He then asked for certain documents stating that they were necessary for his complete representation. I might here state that no objection has been taken either in the original petition or in the supplementary petition that he was not given any documents and therefore was unable to put in a proper representation at that stage. It was after the representation and after this procedure had been adopted that the order for removal from service was passed by the Director.

14. Much reliance was placed by Mr. Tek Chand on the judgment in -- 'High Commrs. for India and Pakistan v. I. M. Lall', 75 I A 225 . In the Federal Court Varada-cbariar J., agreed with the judgment of the Lahore High Court given in -- 'I. M. Lall v. Secy, of State', ILR (1944) Lah 325 . The majority judgment in the Federal Court was given by the Chief Justice who observed as follows :

'It is suggested that in some cases it will be sufficient to indicate the charges, the evidence on which those charges are put forward and to make it clear that unless the person can on that information show good cause against being dismissed or reduced if all or any of the charges are proved, dismissal or reduction in rank will follow. This may indeed be sufficient in some cases. In our judgment each case will have to turn on its own facts, but the real point of the sub-section is in our judgment that the person who is to be dismissed or reduced must know that that punishment is proposed as the punishment for certain acts or omissions on his part and must be told the grounds on which it is proposed to take such action and must be given a reasonable opportunity of showing cause why such punishment should not be imposed. See -- 'Secy, of State v. I. M. Lall'. 1945 F C R 103.'

In regard to this their Lordships of the Privy Council said:

'Their Lordships agree with the view ta^en by the majority of the Federal Court. In their opinion, Sub-section (3) of Section 240 was not intended to be, and was not, a reproduction of Rule 55 which was left unaffected as an administrative rule..... No action is proposed within the meaning of the sub-section until a definite conclusion has been come to on the charges, and the actual punishment to follow is provisionally determined on. Before that stage the charges are unproved and the suggested punishments are merely hypothetical. It is on that stage being reached that the statute gives the civil servant the opportunity for which Sub-section (3) makes provision.

Their Lordships would only add that they see no difficulty in the statutory opportunity being reasonably afforded at more than one stage. If the civil servant has been through an enquiry under Rule 55, it would not be reasonable that he should ask for a repetition of that stage, if duly carried out, but that would not exhaust his statutory right, and he would still be entitled to represent against the punishment proposed as the result of the finding of the enquiry.'

15. Mr.
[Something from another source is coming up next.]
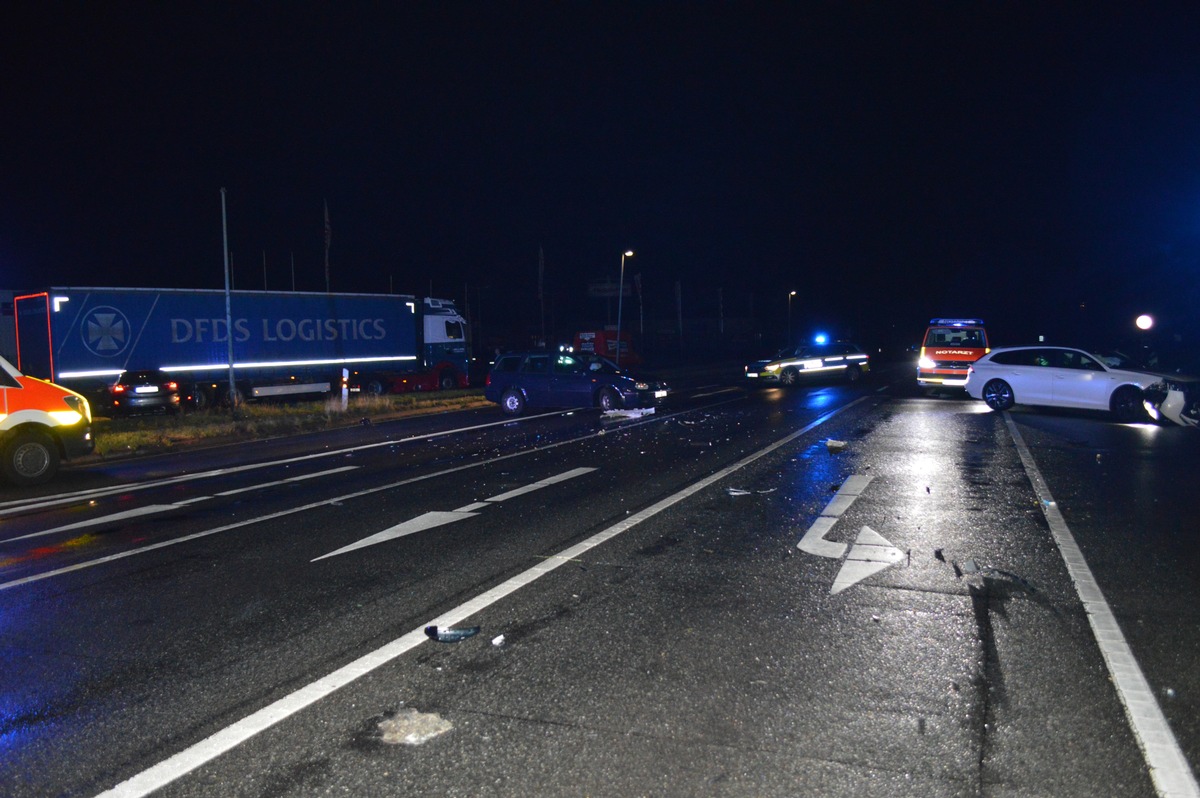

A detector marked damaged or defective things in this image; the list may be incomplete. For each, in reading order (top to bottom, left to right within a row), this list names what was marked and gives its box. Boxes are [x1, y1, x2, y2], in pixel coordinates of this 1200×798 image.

dark damaged car [484, 352, 672, 420]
Tek Chand strongly relied on the observations of their Lordships where they stated that they saw no difficulty in the statutory opportunity being reasonably afforded at more than one stage, but in my opinion that is qualified by the following sentence where their Lordships were careful to observe that if there had been an enquiry it would be unreasonable that the civil servant should ask for repetition of that stage. All that he would be entitled to would be to represent against the punishment proposed. Applying this to the facts of the present case, we find that an enquiry was held by a Court of Enquiry and opportunity was given to the petitioner to recall and examine such witnesses that he desired, which he did not think necpssary to avail himself of, whatever be his reasons for that, and he threw himself on the mercy of his departmental heads, and the show-cause notice was given to him in September 1951, Annexures L and M, in which the following words were used:

'It is provisionally proposed to remove you from Government service.....Art opportunity is given to you to show cause, if any, against the proposed action.'

16. Counsel then referred to a judgment of the Allahabad High Court in -- 'Ravi Pratab Narain Singh v. State of Uttar Pradesh', AIR 3952 All 99, which was a case under Section 8(2) of the U. P. Court of Wards Act. There a petition had been filed against the Government of Uttar Pradesh to quash the declaration and all proceedings therewith which had been issued under Section 8 (1) (d) (v) of the U. P. Court of Wards Act. It appears that at no stage of the proceedings was the petitioner given a chance to contest the evidence on the basis of which the Government had come to the view that there had been mismanagement by the petitioner. No doubt certain enquiries were made by the Naib Tahsildar, the Sub-Divisional Officer and the Collector of which the petitioner was aware and he had also taken part in those enquiries but after the issue of the notification declaring the petitioner a disqualified proprietor, he was not given an opportunity.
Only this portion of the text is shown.